Professeur auxiliaire, Département de psychiatrie, Université du Michigan
Professeur auxiliaire, Département de neurologie, Université de Rochester
Le 4 mai 2016
Introduction
Le projet de loi C-14 de la Chambre des communes associe les « problèmes de santé graves et
irrémédiables » au fait que la mort du patient est « raisonnablement prévisible », ce qui fait en
sorte que seules les personnes qui sont [TRADUCTION] « sur une trajectoire menant à une mort
naturelle »1 peuvent accéder à l’aide médicale à mourir (AMM).

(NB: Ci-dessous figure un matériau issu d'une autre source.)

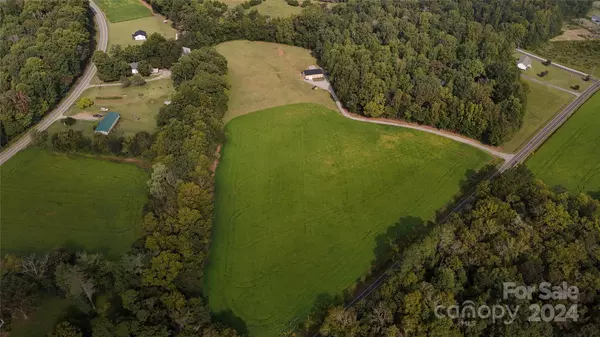 Woodleaf, NC 27054,290 Mt Vernon RD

En revanche, d’autres parties
(comme en témoignent les rapports du Comité mixte spécial [CMS] et du Groupe consultatif
provincial-territorial dexperts [GCPTE]) autoriseraient l’AMM pour les patients qui ne sont pas
atteints d’une maladie terminale, y compris les personnes qui souhaitent recevoir l’AMM en
raison d’une souffrance liée principalement à un trouble psychiatrique (par souci de brièveté, je
désignerai cette pratique l’« AMM psychiatrique » ou l’AMMP). Bien que le projet de loi de la
Chambre des communes interdise qu’une demande d’AMM soit principalement fondée sur un
trouble psychiatrique, il n’exclut pas les patients psychiatriques qui sont par ailleurs admissibles
à recevoir l’AMM1. Cela signifie qu’aucune personne dont la mort est raisonnablement prévisible
n’est exclue qu’en raison de sa maladie, qu’elle soit d’ordre psychiatrique ou autre.
Cette présentation vise à traiter des données qui sont pertinentes aux fins de l’évaluation de
l’incidence potentielle de l’établissement d’un régime d’AMM qui comprend l’AMM psychiatrique.
L’analyse suppose l’existence de plusieurs facteurs qui augmentent le risque qu’une personne
atteinte d’une maladie psychiatrique grave reçoive indûment l’AMM si celle-ci est légalisée.
Aucun de ces facteurs ne devrait être controversé, que l’on appuie l’AMMP ou non.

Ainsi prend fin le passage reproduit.